Sur la place principale, les passeurs vendent les migrants au cartel par lots."
"Chez les hommes, la misogynie résiste à la lime des expériences les plus extrêmes."
"Amador voudrait qu'en terminale ses élèves puissent dire à haute voix ce qu'ils ont subi. Qu'ils puissent réfléchir, débattre, revendiquer. En écoutant certains témoignages, c'est bien ce que j'ai ressenti : un recul, une force et un élan pour affronter le no woman's land de chaque jour.

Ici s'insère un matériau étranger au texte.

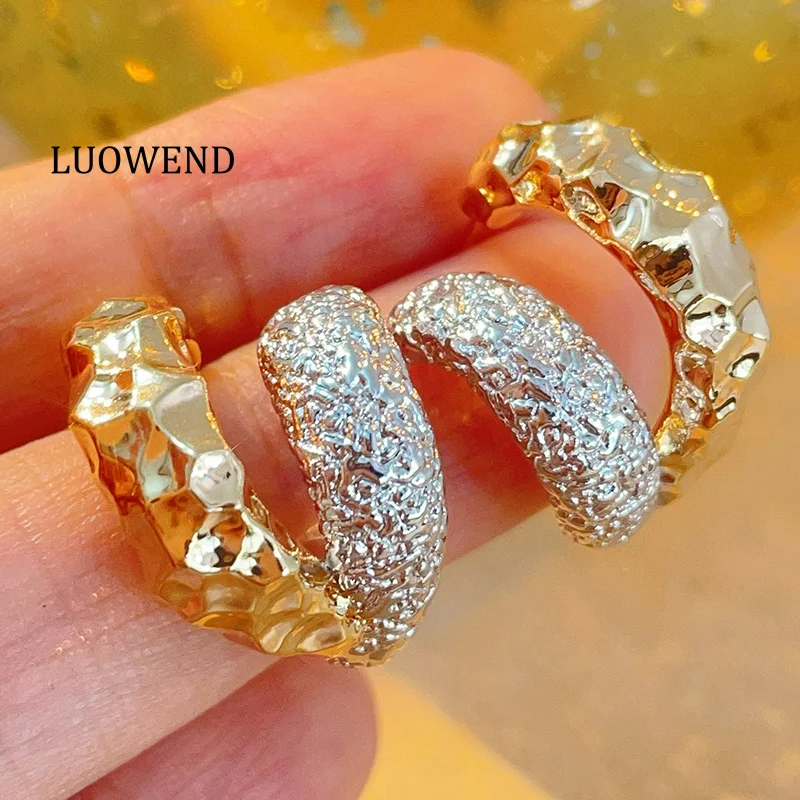 LUOWEND 100% 18K White+Yellow Gold Earrings Fashion Metal Style Exquisite Stud Earrings for Women High Party Jewelry
LUOWEND 100% 18K White+Yellow Gold Earrings Fashion Metal Style Exquisite Stud Earrings for Women High Party Jewelry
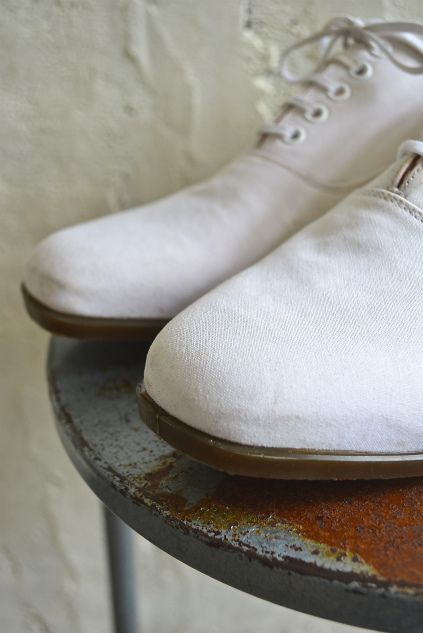 U.K. army white shoes_f0226051_13542.jpg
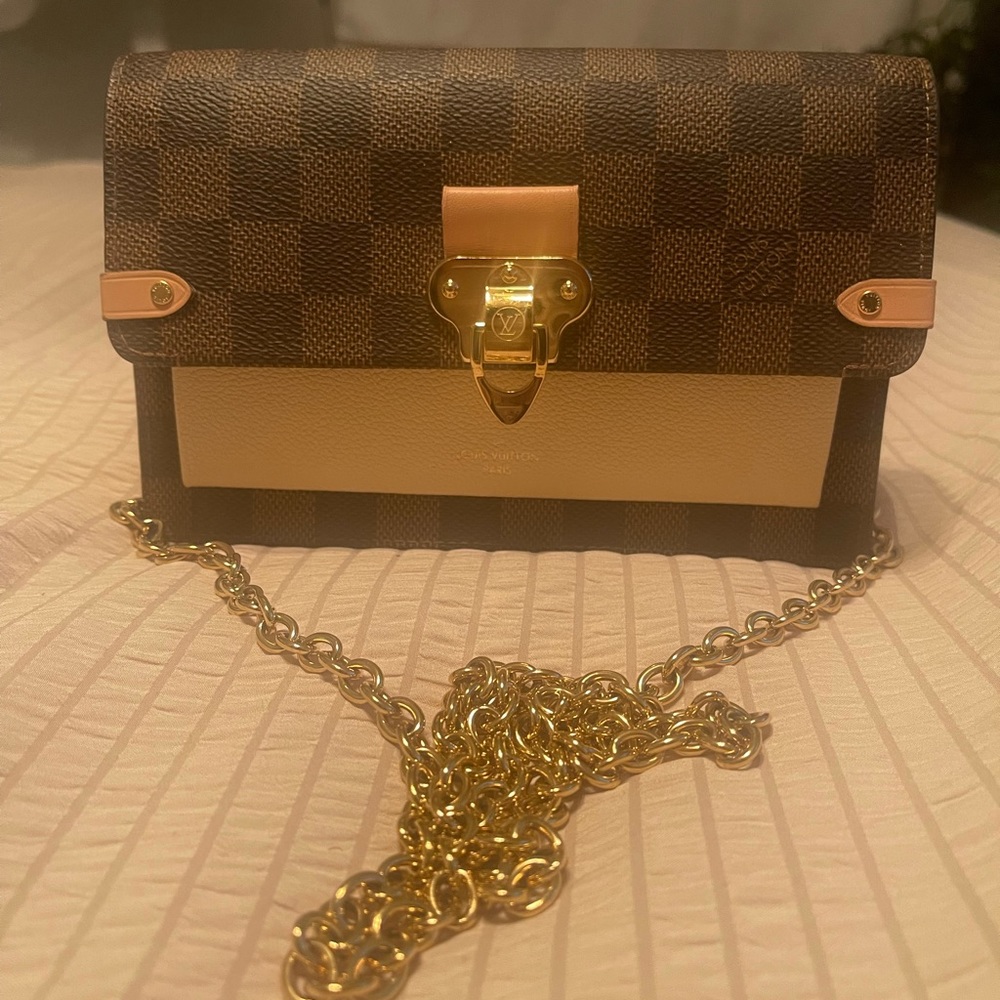 Authentic Louis Vuitton Vavin Chain Wallet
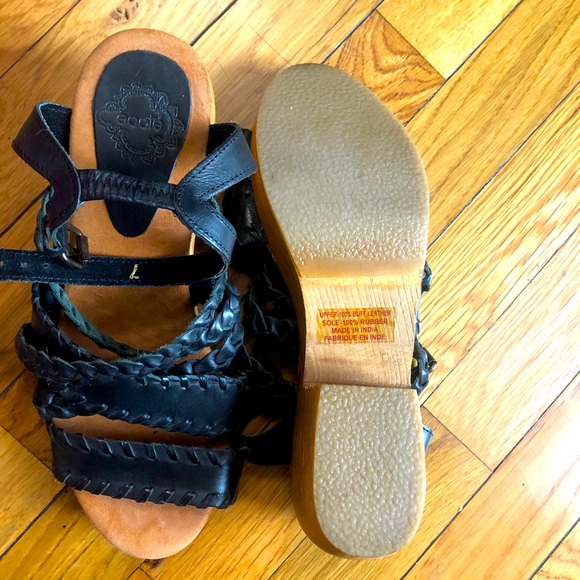 Sandals - Picture 1 of 1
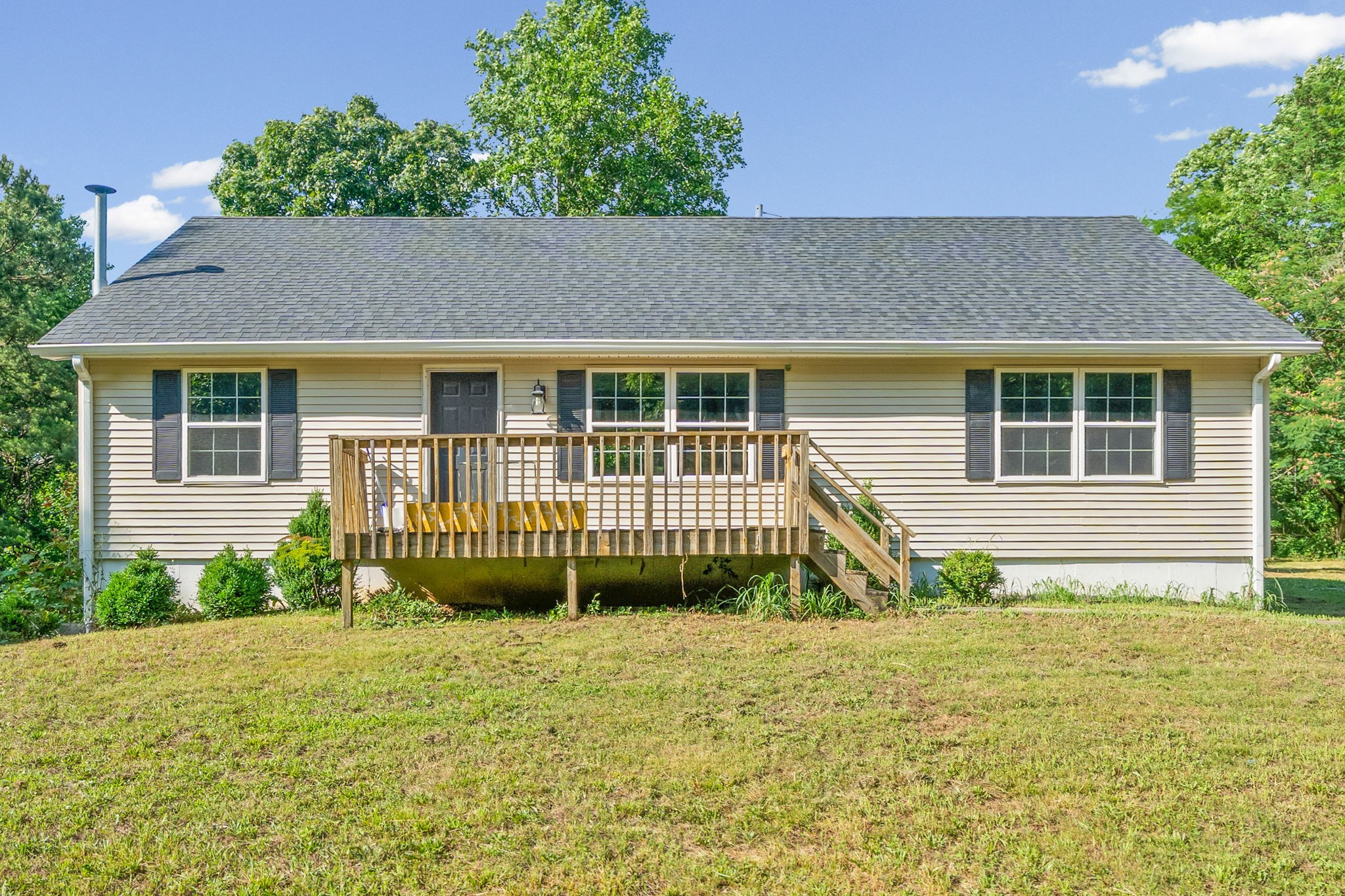 6190 Latham Road Hopkinsville, KY 42240 - Photo 1 of 34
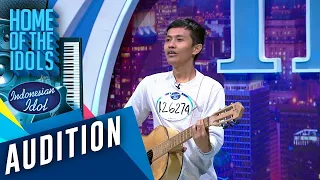 Dengan suara uniknya, Faizal menyanyikan lagu Saybia - AUDITION 3 - Indonesian Idol 2020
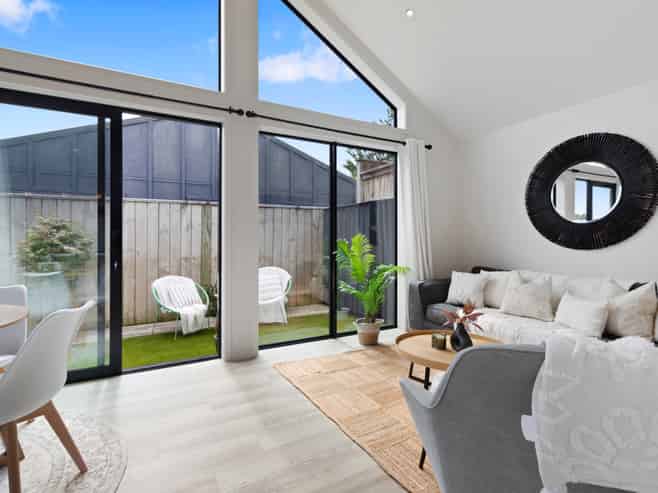 12 Manchester Way, Judea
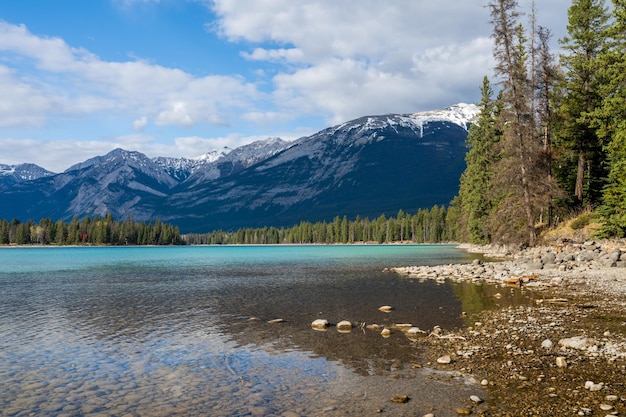 Jezioro Annette Jezioro Brzeg pla?y Pyramid Mountain odbicie nad jeziorem Park Narodowy Jasper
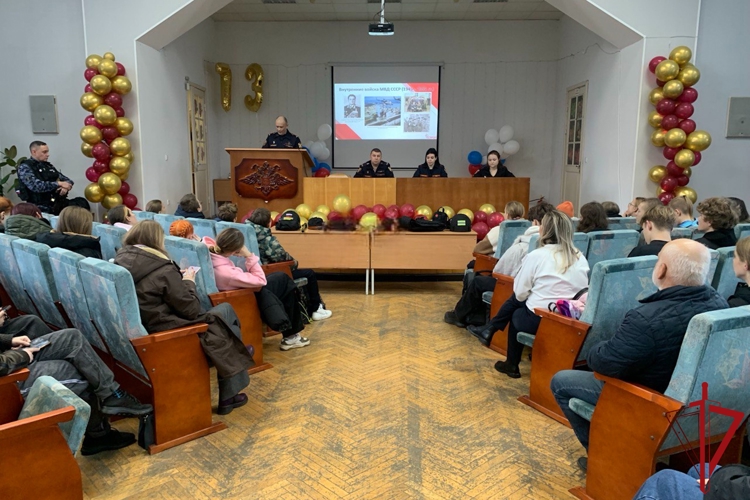 Представители вневедомственной охраны Санкт-Петербурга и Ленобласти провели для молодежи мероприятия, посвященные Дню призывника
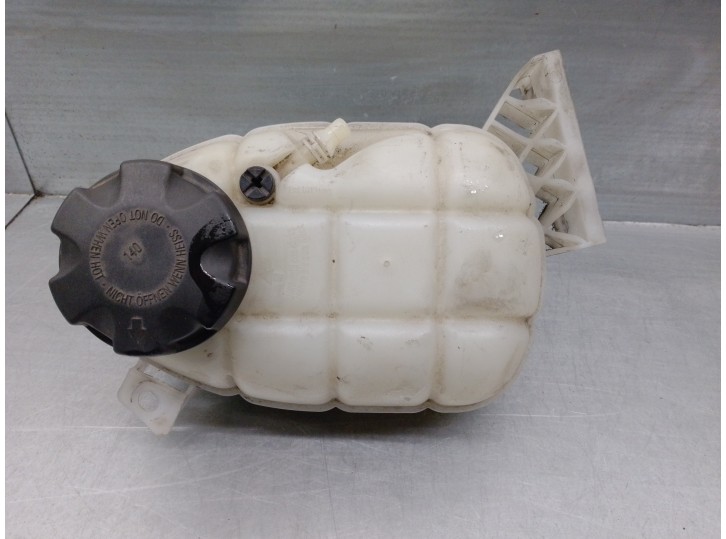 Recambio de deposito expansion para bmw serie 1 lim. (f20) 2.0 turbodiesel referencia OEM IAM 17137609468 17137642160 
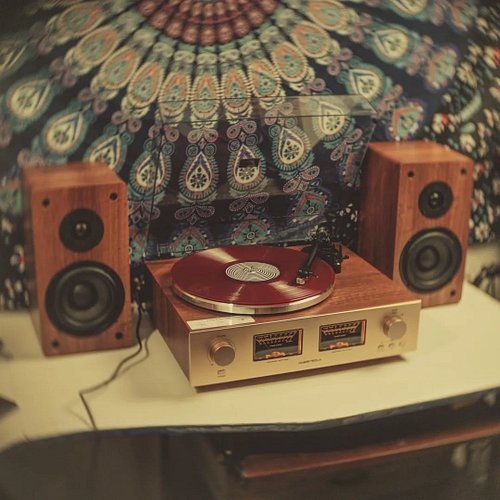 Spinning vinyl on the new Qlearsoul HiFire X turntable, for more check the unboxing and setup video on my YT channel.

#vinyl...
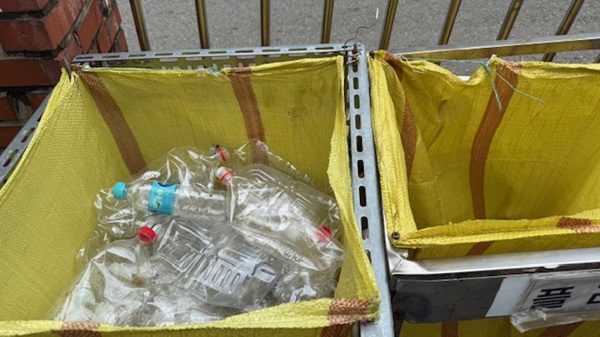 공동주택 투명페트병 분리 배출·수거 현장  /사진제공=경산시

_Je veux leur laisser des outils pour qu'ils puissent se sortir de cet environnement empoisonné, surtout les filles. Ah, elles sont pauvres, d'origine indienne, on peut les violer, les faire disparaître, tout le monde s'en fout! On les appelle les crevardes, les ramasseuses d'os. J'ai trois ans pour leur redonner confiance."
"Aujourd'hui, le modus operandi de la ville frontière se répète un peu partout. On ne parle plus de désaxés mais de couloir de la traite, on ne cherche plus à connaître les visages des victimes ni celui des bourreaux. Même Norma Andrade me surprend. Il y a une décennie, elle disait se battre pour sa fille mais aussi pour que les femmes puissent marcher librement dans la rue. Pendant la conférence, elle avertit juste les adolescentes de ne pas se laisser distraire par leur smartphone en marchant."